> [Exercise] Leave the pictures behind and repeat all the entries exactly.

[Stored records]
= = = =

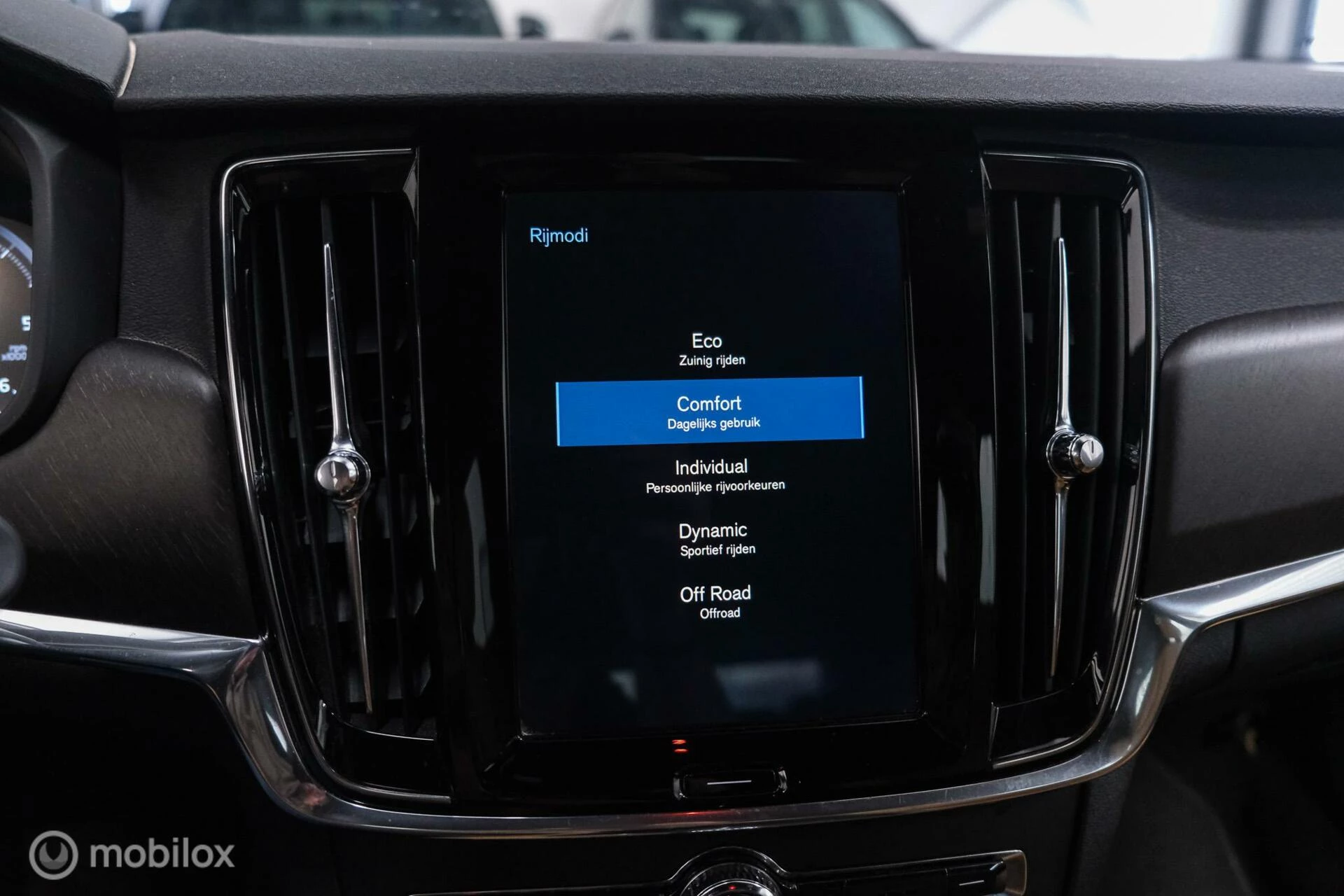 Hoofdafbeelding Volvo V90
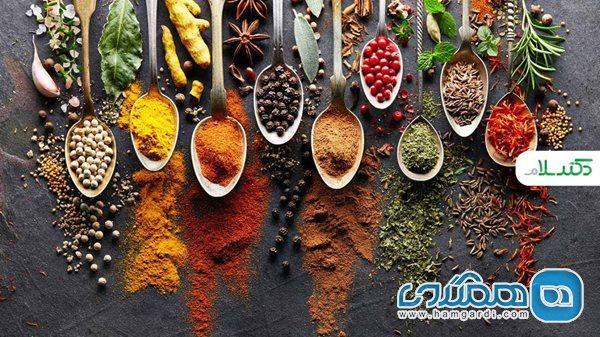 گیاهان و ادویه هایی که با التهاب مقابله می کنند گیاهان و ادویه هایی که با التهاب مقابله می نمایند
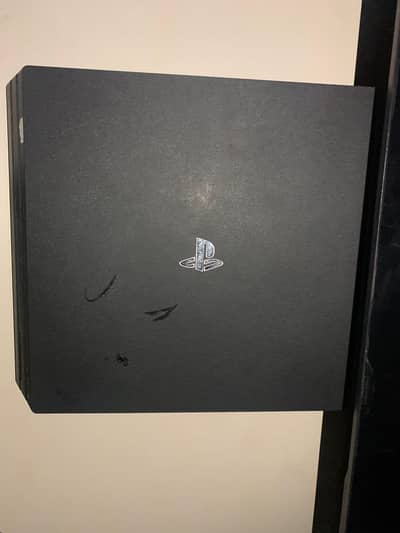 PS4 PRO 1TB NON JAIL BREAK 70k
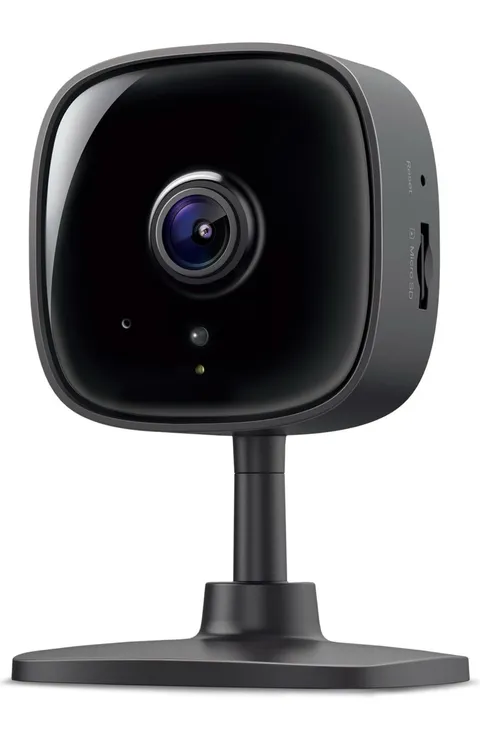 TP-Link Tapo 1080P Indoor Wired Security Camera
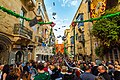 File:Shredded Paper Dancing Through Valletta.jpg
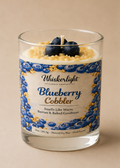 Blueberry Cobbler Candle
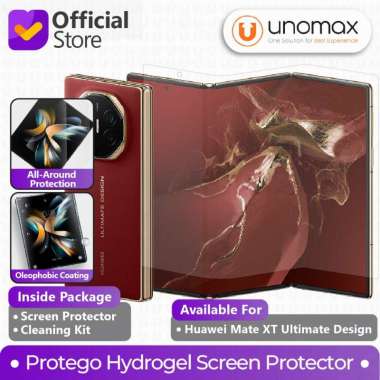 Screen Protector Hydrogel Huawei Mate XT Ultimate Design Protego TPU Full Cover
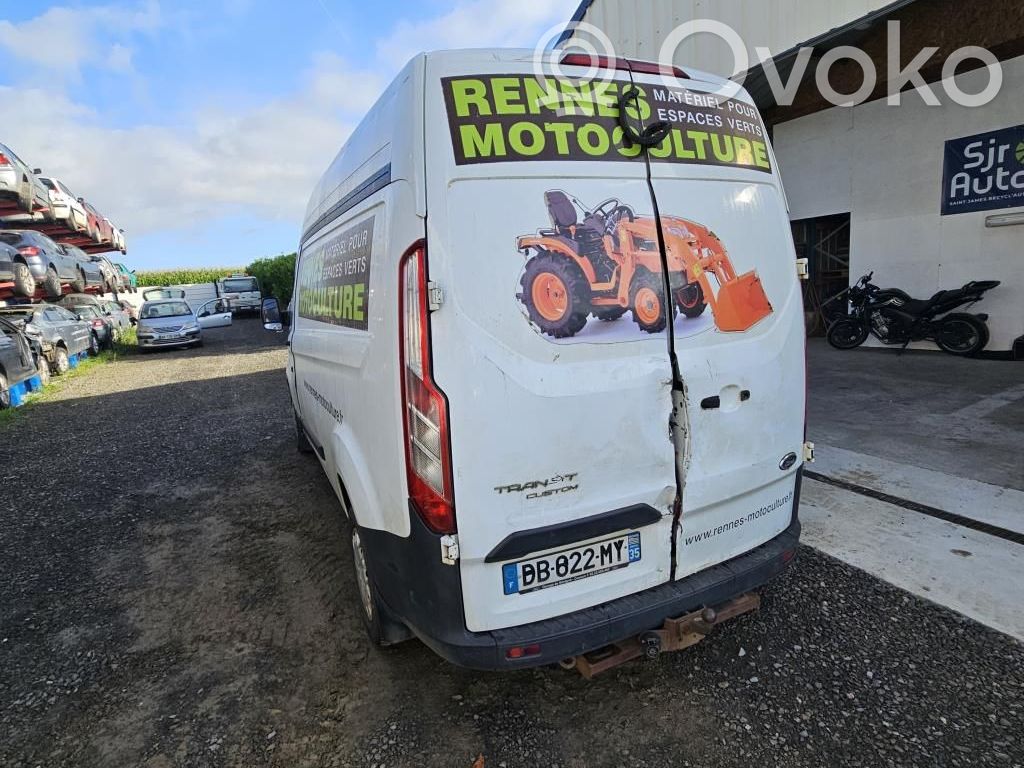 Ford Transit Custom Degalų bakas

= = = =

> [Result of this task]
 Hoofdafbeelding Volvo V90
 گیاهان و ادویه هایی که با التهاب مقابله می کنند گیاهان و ادویه هایی که با التهاب مقابله می نمایند
 PS4 PRO 1TB NON JAIL BREAK 70k
 TP-Link Tapo 1080P Indoor Wired Security Camera
 File:Shredded Paper Dancing Through Valletta.jpg
 Blueberry Cobbler Candle
 Screen Protector Hydrogel Huawei Mate XT Ultimate Design Protego TPU Full Cover
 Ford Transit Custom Degalų bakas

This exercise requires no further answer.